As manager of Manchester United, Sir Alex Ferguson became well known for bringing youth players into the first team. This is a subtle and underrated skill for managers of all varieties. Given its vital importance for long-term success, I thought I would wrap up my examination of Managing My Life by taking a closer look at this particular aspect of his management.

One of the great pleasures of working with the young or inexperienced is how their accomplishments in a given moment can often match those of their better-established colleagues. This challenges the manager to help them establish consistency so that these results can be routinely replicated without relying on an unsustainable effort or inconsistent process. A manager can help accelerate this process by protecting them from overexposure and ensuring that setbacks are quickly overcome. An important step toward establishing consistency is instilling the importance of practice. The manager should teach the team that even the most exceptional creators almost always opt for simple learned actions ahead of demonstrating their extraordinary talent at every turn. The creative act may be personally satisfying but contributors are defined only by how they help the team. Therefore, learning the importance of deliberate practice is a vital step in anyone’s development. The manager’s role in this process is to devise a program that allows for a sustainable way for young people to learn these core skills without discouraging or smothering their natural creative instincts.

Off the field, the manager’s role with youth is to serve as a guide and a mentor. Young people need help to recognize when their priorities become different from those of good friends or family. In the same way that a serious athlete cannot indulge in excessive food or drink as their carousing friends do, a young professional must be wary about work decisions that are based on factors that apply better to peers on different career trajectories. Managers can also help their young charges learn how to recognize an empty promise of instant success by instilling a belief that success is more about how people respond to opportunities rather than a question of sitting in the right seat at the outset of a meticulously planned journey.

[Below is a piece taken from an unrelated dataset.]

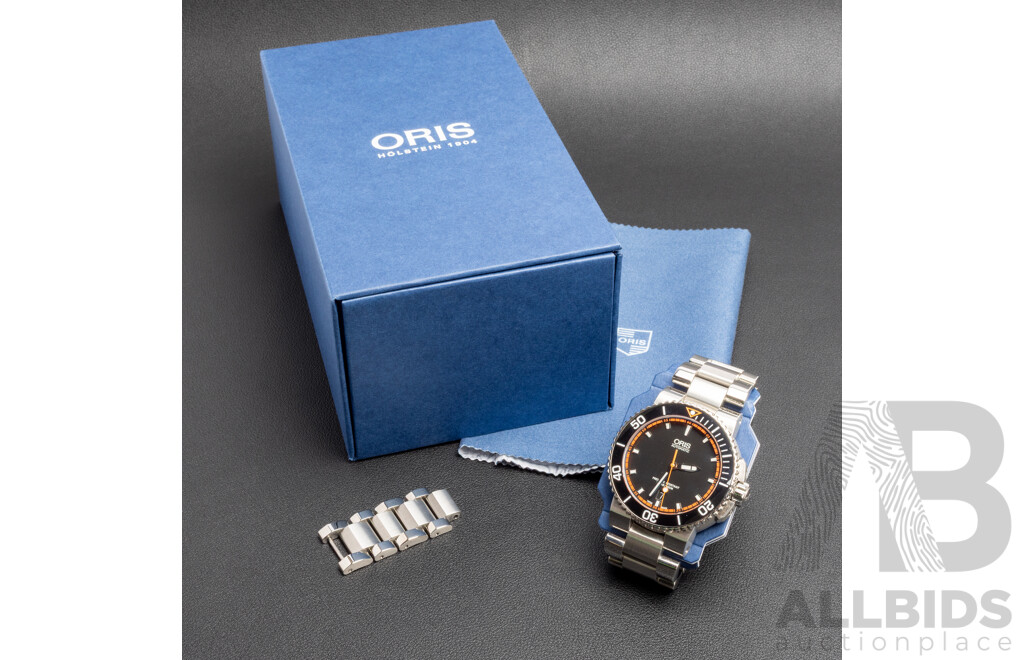 Oris Aquis 43mm Automatic Diver’s Watch, Model 7653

As a team develops and its members acquire real skills and honest experience, managers must know how to shift the emphasis of their approach. Instead of finding ways to encourage effort and instill confidence, a manager of a skilled or experienced team should emphasize strengths and look for ways to exploit them for the team’s benefit. At this stage, managers must remember not only to help those in their teams but also peers who are new to the managerial field. Perhaps the most important lesson is that managers are never sacked solely for incompetence and that a willingness to die on every hill makes for the most vulnerable manager. The most valuable mentor for a new manager is someone who serves constant reminders that a manager who can learn to work with friend and foe alike will always live to manage another day. If this skill is not learned early on, the young manger is doomed to learn the importance of this skill the hard way.